23 janvier 2017, Jean-François Nadeau, Actualités en société, Chroniques
Les patrons ne sont pas assez payés. On le sait. Ils ne le sont pas assez parce que, bien entendu, ils sont irremplaçables.
En vertu de quoi ces grands patrons, tous si doués, devraient-ils accepter de travailler pour moins que quelques millions de dollars par année ?
Même une fois qu’ils sont partis, on continue pour cette raison de les payer comme s’ils venaient d’arriver.

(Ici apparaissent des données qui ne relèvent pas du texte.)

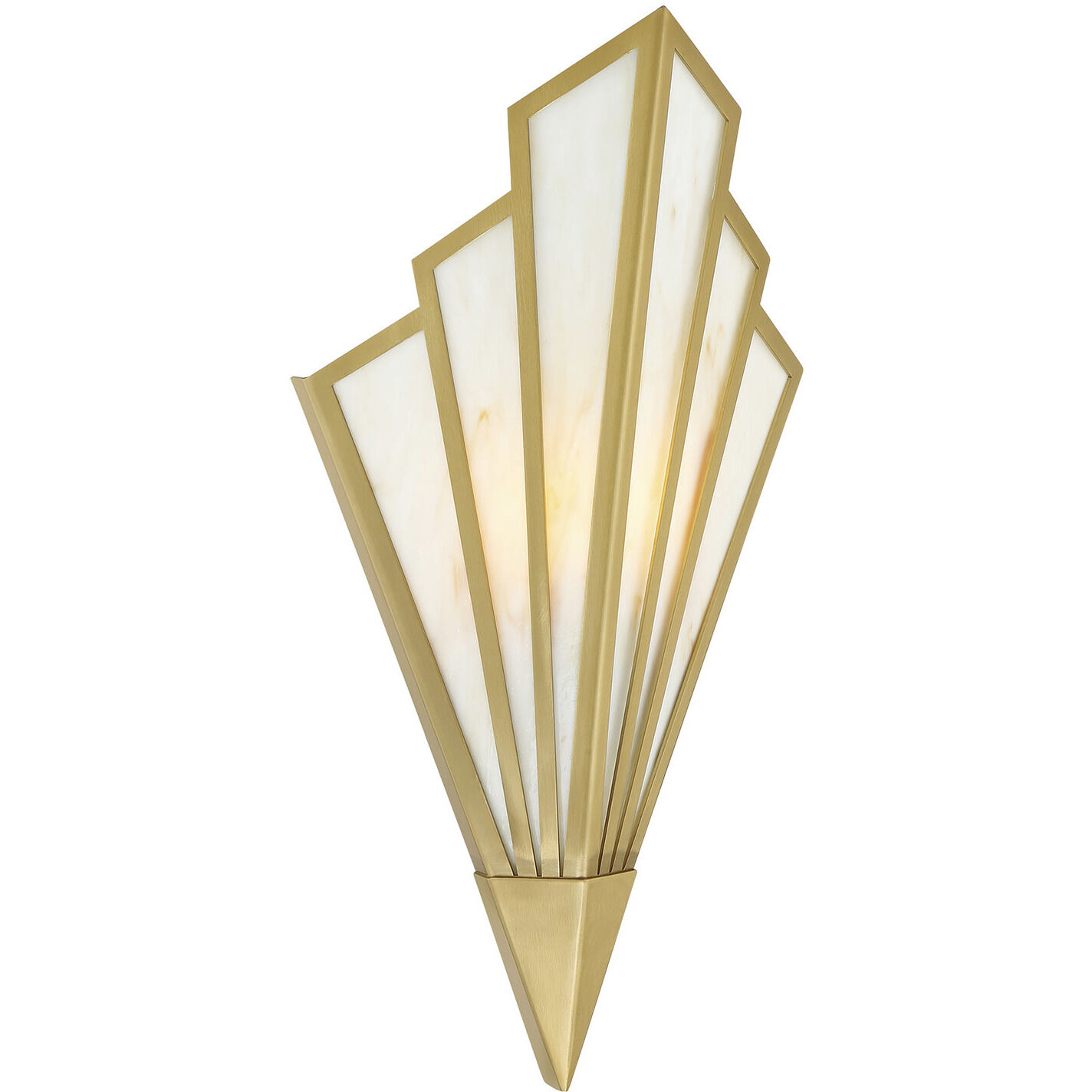 Rivage Wall Sconce Wall Light in Warm Brass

L’ex-patron de Volkswagen, viré à cause de la tricherie que l’on sait, touche désormais, à titre de retraite, la bagatelle de 4400 $ par jour.
En somme, ce n’est que justice si huit hommes possèdent désormais autant de richesses à eux seuls que la moitié la plus pauvre de la planète : voilà le fruit légitime de leur dur labeur.
Chez nous, les deux milliardaires que sont le baron David Thomson et Gordon Weston cumulent à eux deux la richesse possédée par les 11 millions de Canadiens les plus pauvres. Repassez-leur vite le gâteau : ils en prendront volontiers une autre part bien méritée.
À compter du 1er mai, fête de tous les travailleurs qui suent et qui puent, le salaire minimum sera de 11,25 $. Une augmentation de cinquante sous. À raison de 40 heures de travail par semaine, cela donne la rondelette somme de 23 400 $ par année.
Après combien de fois ce revenu annuel celui d’un grand patron devient-il indécent ? Cent fois ? Mille fois ? Il n’est jamais question de cela. Après tout, il est beaucoup plus simple de calculer qu’il faut blâmer les gens pauvres d’en vouloir plus.
Il y a plus d’un siècle, au moment où l’on discutait de l’opportunité de limiter la semaine de travail à 40 heures, les grands patrons hurlaient déjà parce qu’on menaçait leur butin de captateurs de valeurs. Les conséquences immédiates prévues de la semaine de 40 heures, selon une affiche patronale française de 1936 ? « Bien-être amoindri, prix de revient majorés, chômage, mévente, misère, vie plus chère ». La peste et le choléra aussi, peut-être ?
Cette incapacité à imaginer la société autrement qu’avec de gros possédants à son sommet justifie aujourd’hui la déshumanisation qui préside aux discours de l’austérité.
À défaut de vouloir considérer les inégalités comme un problème collectif, tout est ramené à de simples questions de finances personnelles et de choix individuels.